What this task involves: Copy only the lines from the one containing "GIB Small Wicker" through the final line of the records below, exactly as written, with no pictures.

--- Entries supplied Enclosed Below ---

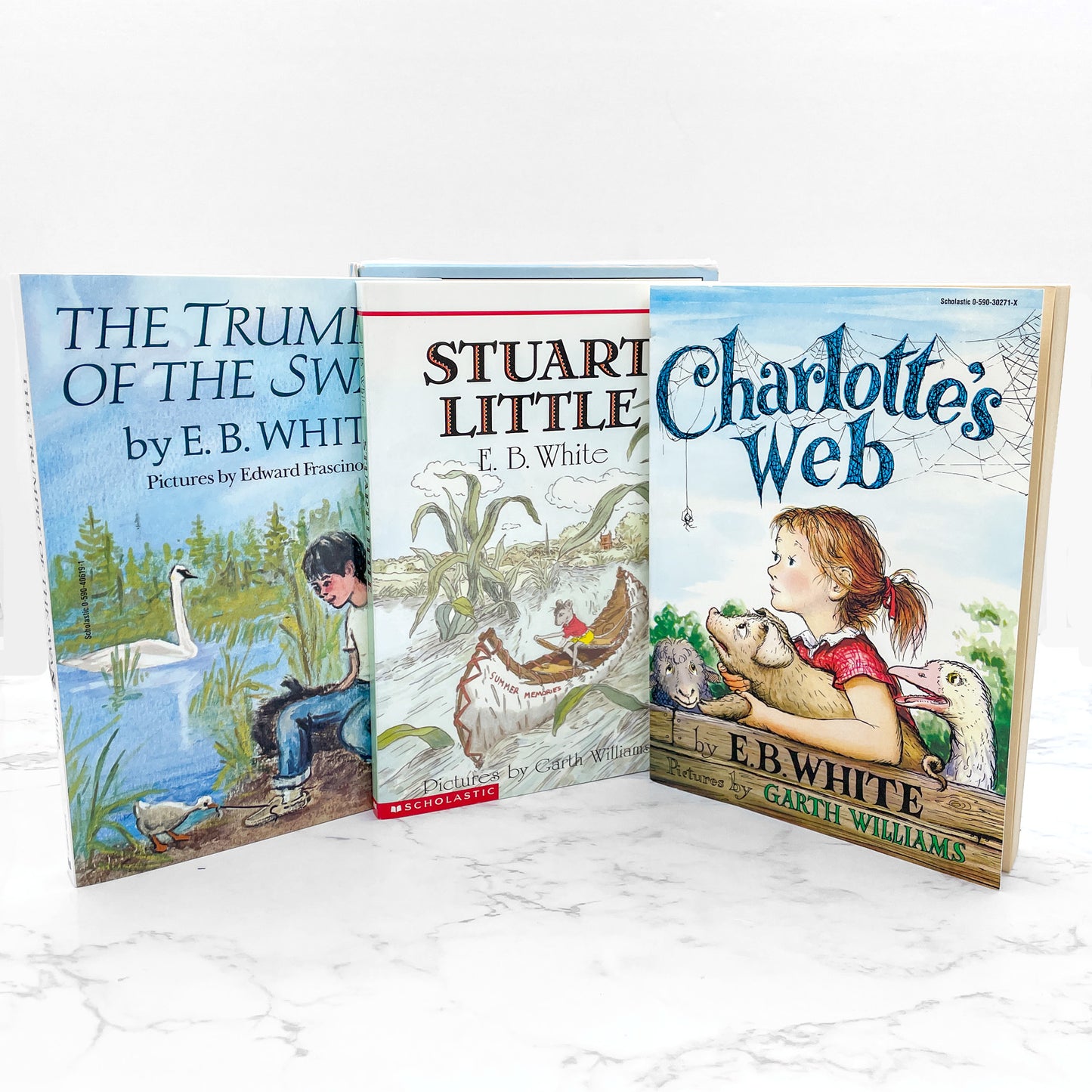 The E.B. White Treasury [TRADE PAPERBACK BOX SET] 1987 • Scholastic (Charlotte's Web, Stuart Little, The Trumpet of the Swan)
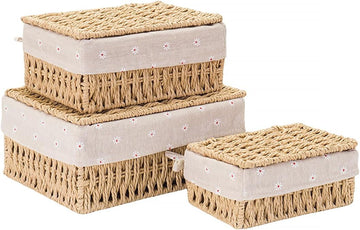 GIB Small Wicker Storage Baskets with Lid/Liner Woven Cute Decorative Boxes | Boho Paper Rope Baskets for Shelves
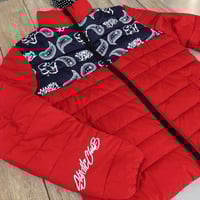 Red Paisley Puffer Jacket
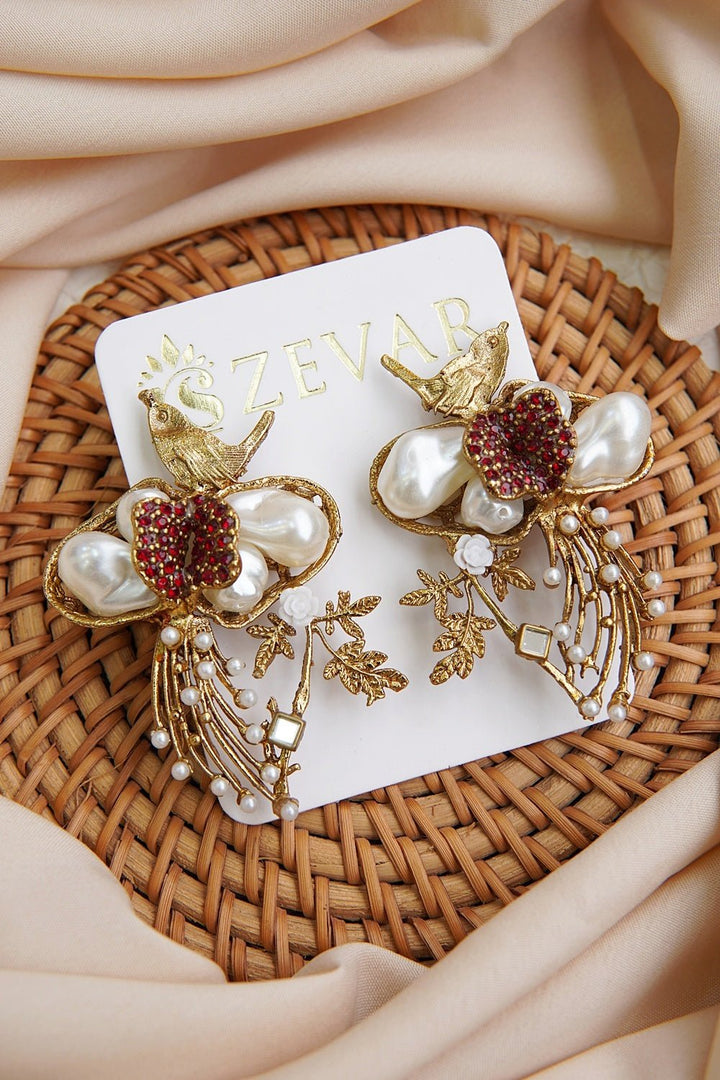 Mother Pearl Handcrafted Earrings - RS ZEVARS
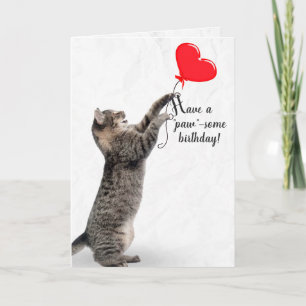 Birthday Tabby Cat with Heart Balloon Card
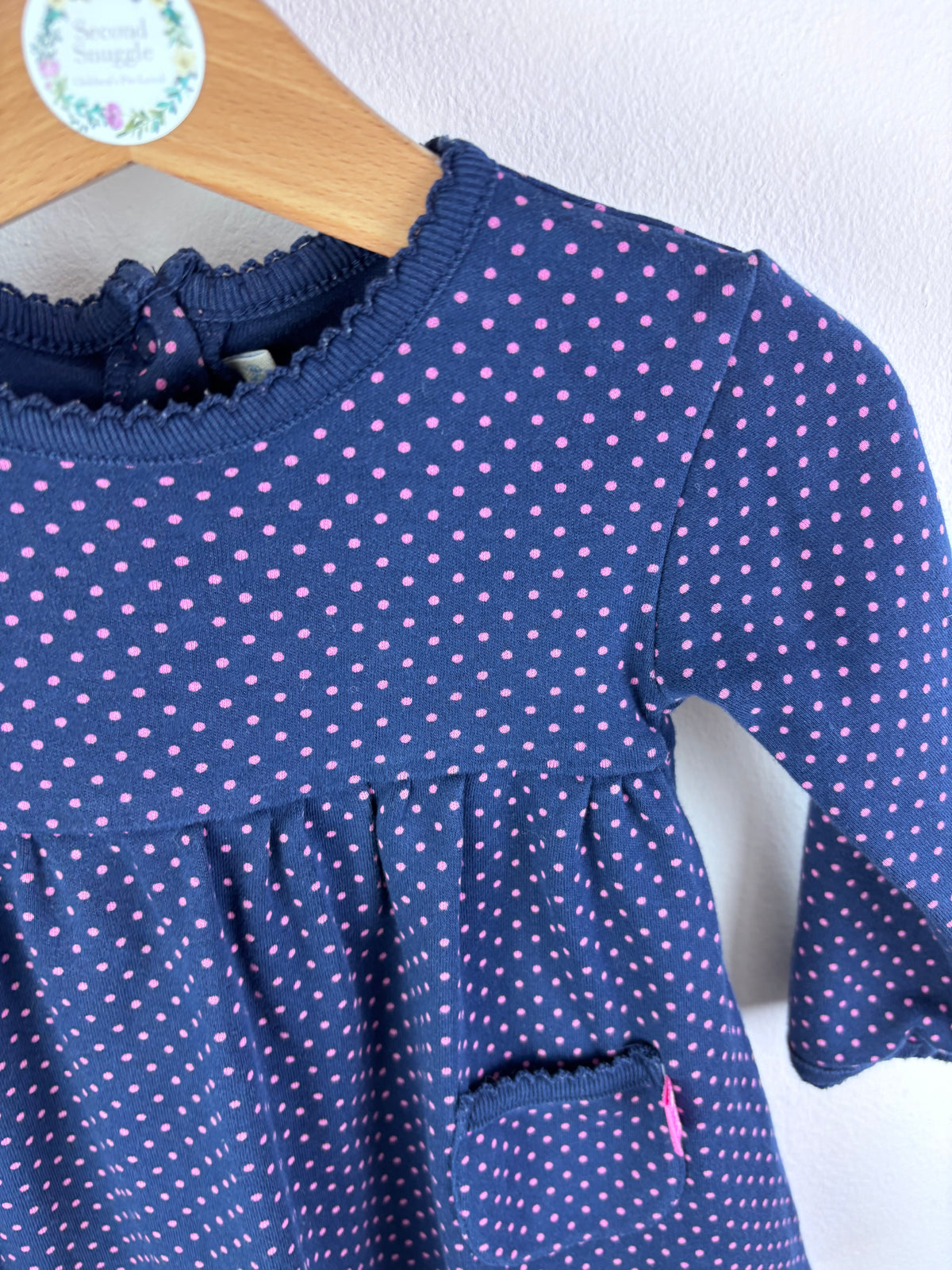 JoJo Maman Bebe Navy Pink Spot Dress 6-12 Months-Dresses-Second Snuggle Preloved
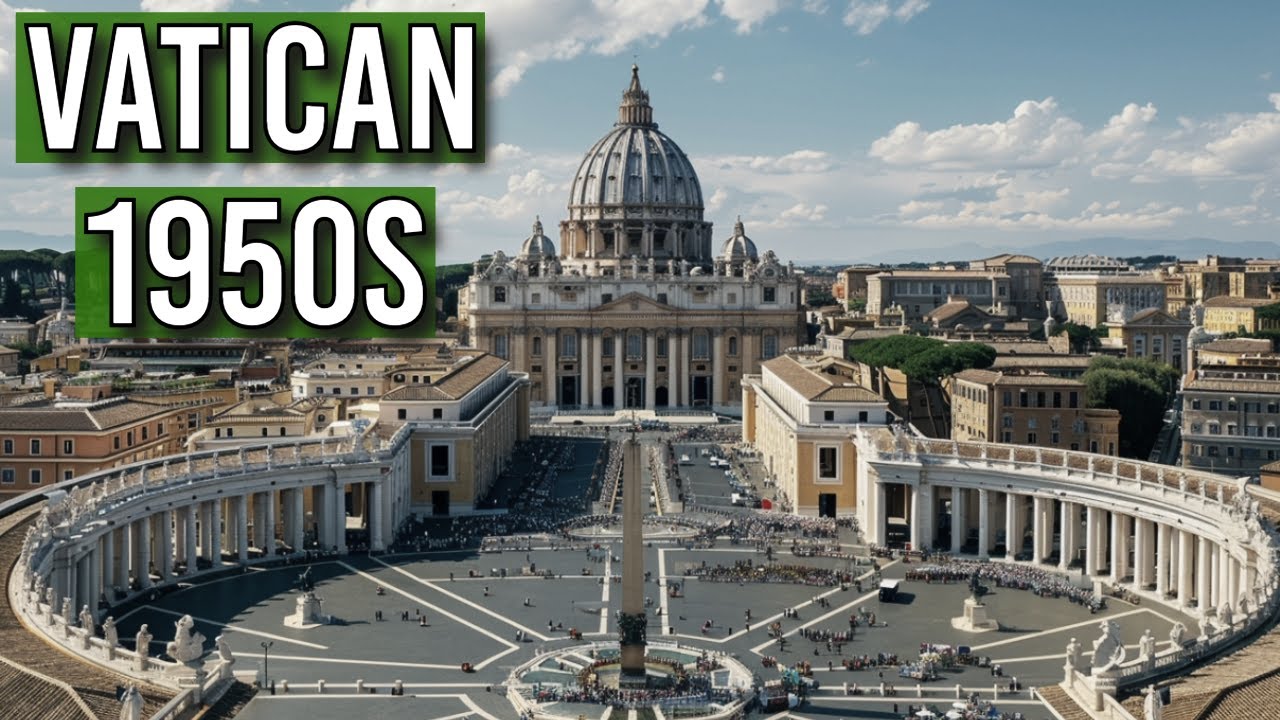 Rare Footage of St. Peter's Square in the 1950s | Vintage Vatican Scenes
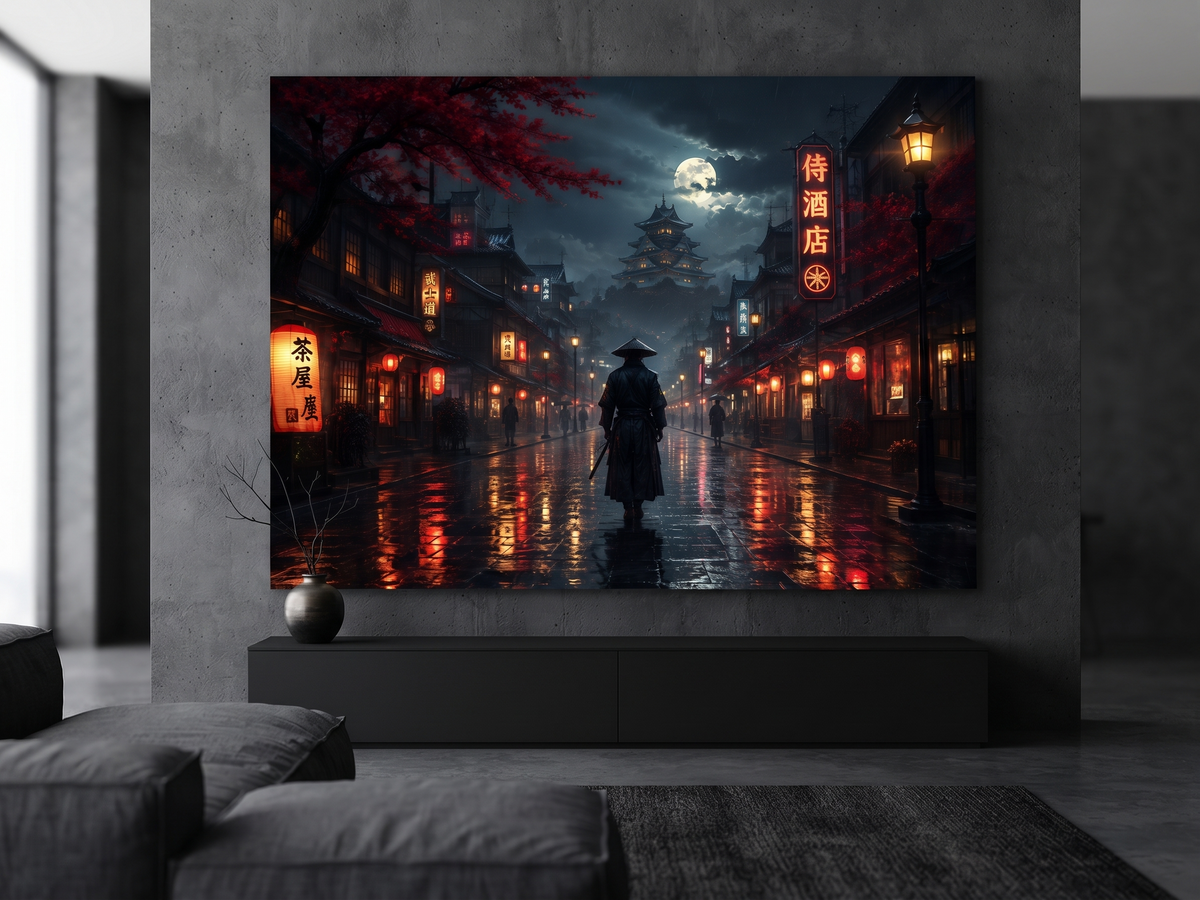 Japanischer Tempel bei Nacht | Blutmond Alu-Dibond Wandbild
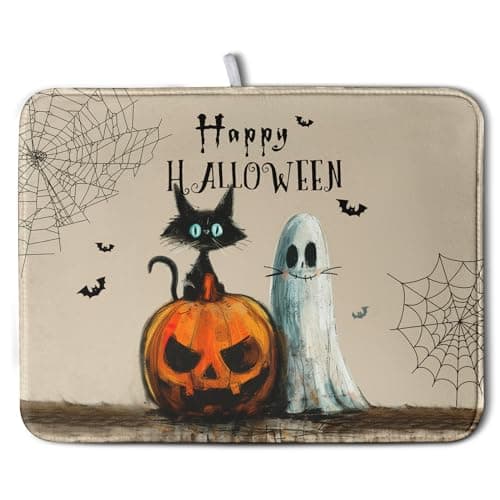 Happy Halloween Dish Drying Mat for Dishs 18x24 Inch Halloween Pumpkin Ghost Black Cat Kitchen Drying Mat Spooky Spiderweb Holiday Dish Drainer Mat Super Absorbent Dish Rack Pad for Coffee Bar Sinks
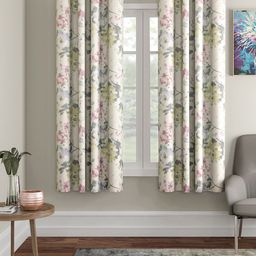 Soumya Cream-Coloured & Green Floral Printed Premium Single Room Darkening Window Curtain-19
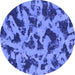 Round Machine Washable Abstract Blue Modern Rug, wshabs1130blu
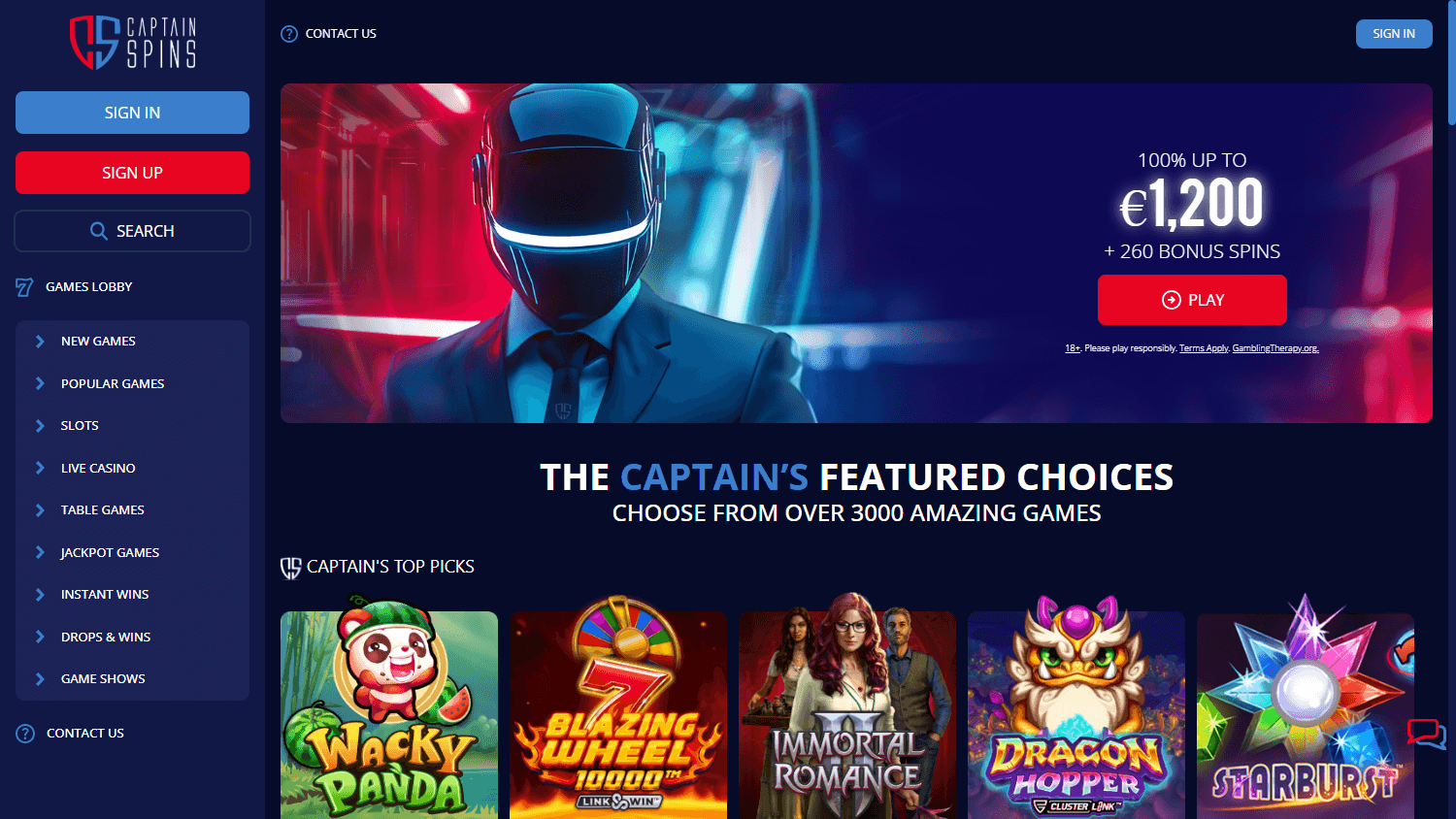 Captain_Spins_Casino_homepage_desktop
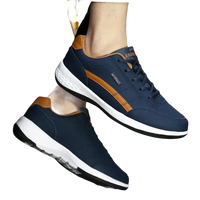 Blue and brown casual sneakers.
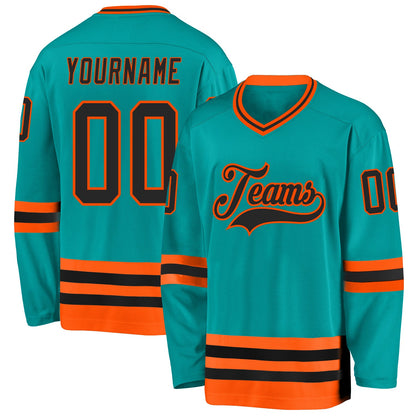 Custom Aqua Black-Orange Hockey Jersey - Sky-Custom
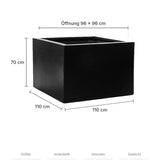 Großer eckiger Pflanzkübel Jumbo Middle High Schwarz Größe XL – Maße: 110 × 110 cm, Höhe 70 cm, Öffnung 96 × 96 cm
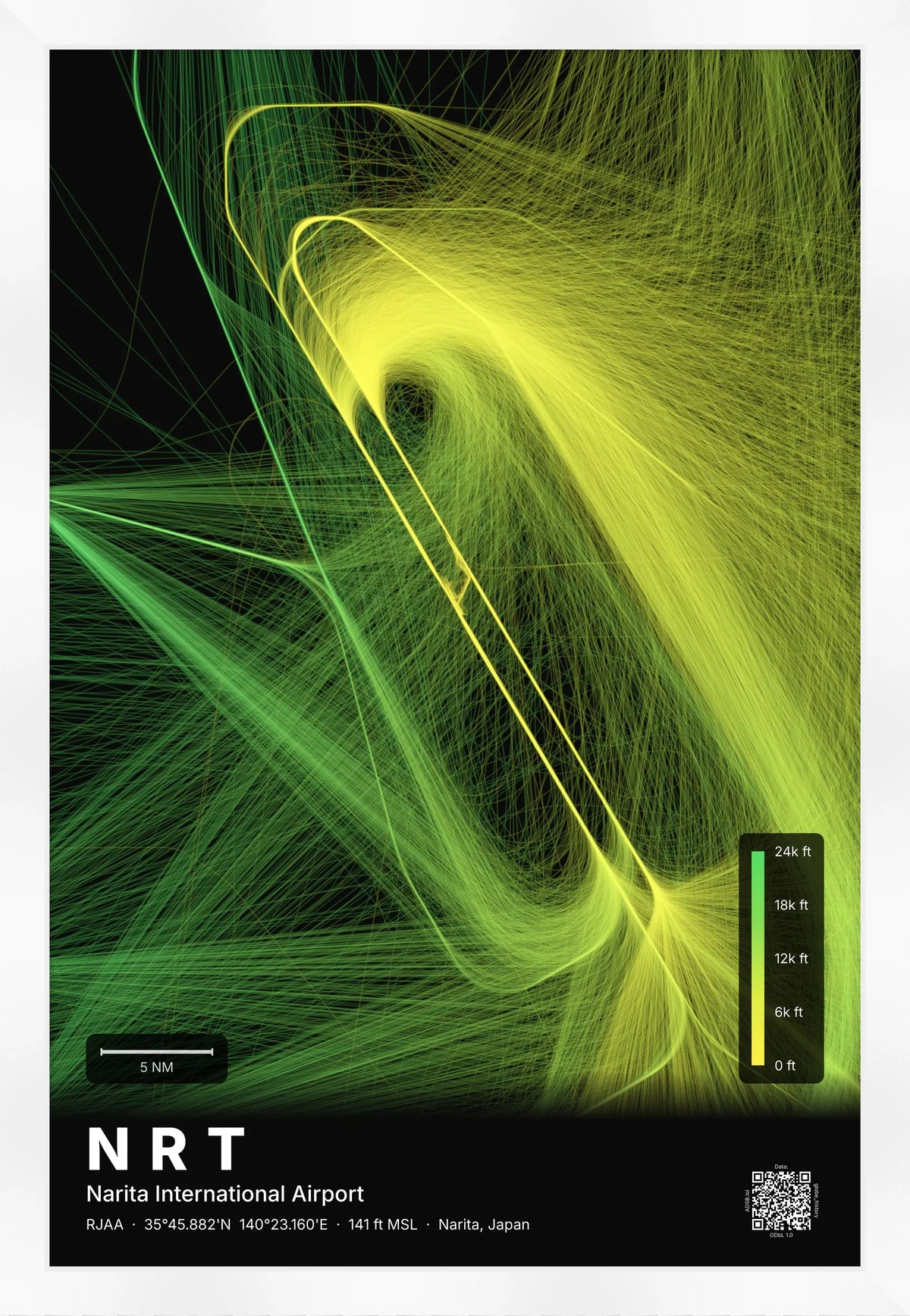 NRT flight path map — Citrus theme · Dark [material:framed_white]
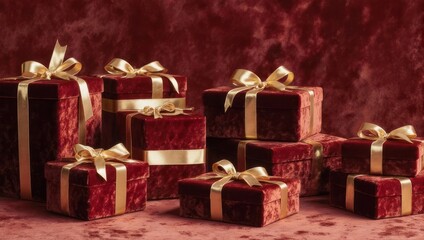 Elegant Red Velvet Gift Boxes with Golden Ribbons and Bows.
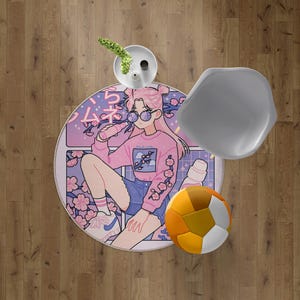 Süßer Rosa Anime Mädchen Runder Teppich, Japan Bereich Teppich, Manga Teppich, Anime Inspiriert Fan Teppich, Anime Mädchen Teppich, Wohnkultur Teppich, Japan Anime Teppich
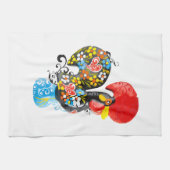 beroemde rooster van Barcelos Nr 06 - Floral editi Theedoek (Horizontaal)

--- End of Enclosed Entries supplied ---

Response:
 GIB Small Wicker Storage Baskets with Lid/Liner Woven Cute Decorative Boxes | Boho Paper Rope Baskets for Shelves
 Red Paisley Puffer Jacket
 Mother Pearl Handcrafted Earrings - RS ZEVARS
 Birthday Tabby Cat with Heart Balloon Card
 JoJo Maman Bebe Navy Pink Spot Dress 6-12 Months-Dresses-Second Snuggle Preloved
 Rare Footage of St. Peter's Square in the 1950s | Vintage Vatican Scenes
 Japanischer Tempel bei Nacht | Blutmond Alu-Dibond Wandbild
 Happy Halloween Dish Drying Mat for Dishs 18x24 Inch Halloween Pumpkin Ghost Black Cat Kitchen Drying Mat Spooky Spiderweb Holiday Dish Drainer Mat Super Absorbent Dish Rack Pad for Coffee Bar Sinks
 Soumya Cream-Coloured & Green Floral Printed Premium Single Room Darkening Window Curtain-19
 Round Machine Washable Abstract Blue Modern Rug, wshabs1130blu
 Captain_Spins_Casino_homepage_desktop
 Blue and brown casual sneakers.
 Custom Aqua Black-Orange Hockey Jersey - Sky-Custom
 Großer eckiger Pflanzkübel Jumbo Middle High Schwarz Größe XL – Maße: 110 × 110 cm, Höhe 70 cm, Öffnung 96 × 96 cm
 NRT flight path map — Citrus theme · Dark [material:framed_white]
 Elegant Red Velvet Gift Boxes with Golden Ribbons and Bows.
 Süßer Rosa Anime Mädchen Runder Teppich, Japan Bereich Teppich, Manga Teppich, Anime Inspiriert Fan Teppich, Anime Mädchen Teppich, Wohnkultur Teppich, Japan Anime Teppich
 beroemde rooster van Barcelos Nr 06 - Floral editi Theedoek (Horizontaal)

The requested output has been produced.